▶ [Raw data]

------------------------------

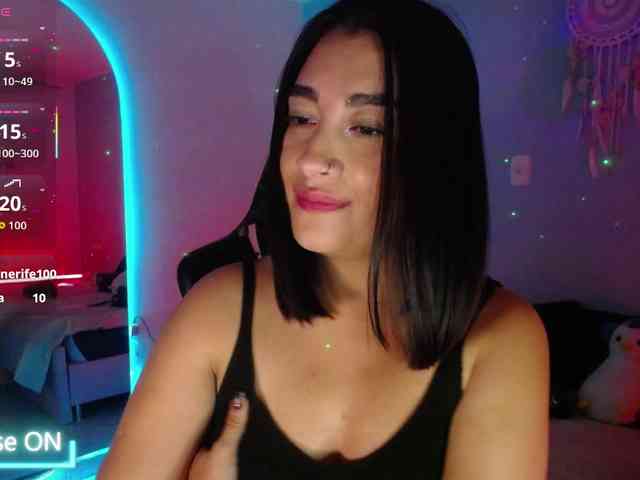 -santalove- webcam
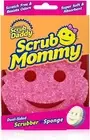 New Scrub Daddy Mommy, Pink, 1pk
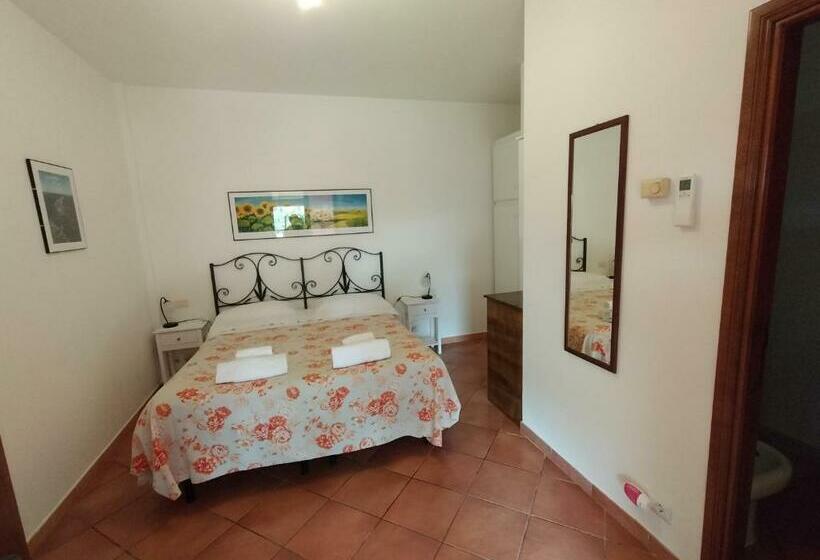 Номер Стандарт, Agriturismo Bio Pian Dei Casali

------------------------------

▶ [What the task asks] From start to finish, output the listing exactly, but omit its pictures.

▶ [Written answer]
 -santalove- webcam
 New Scrub Daddy Mommy, Pink, 1pk
 Номер Стандарт, Agriturismo Bio Pian Dei Casali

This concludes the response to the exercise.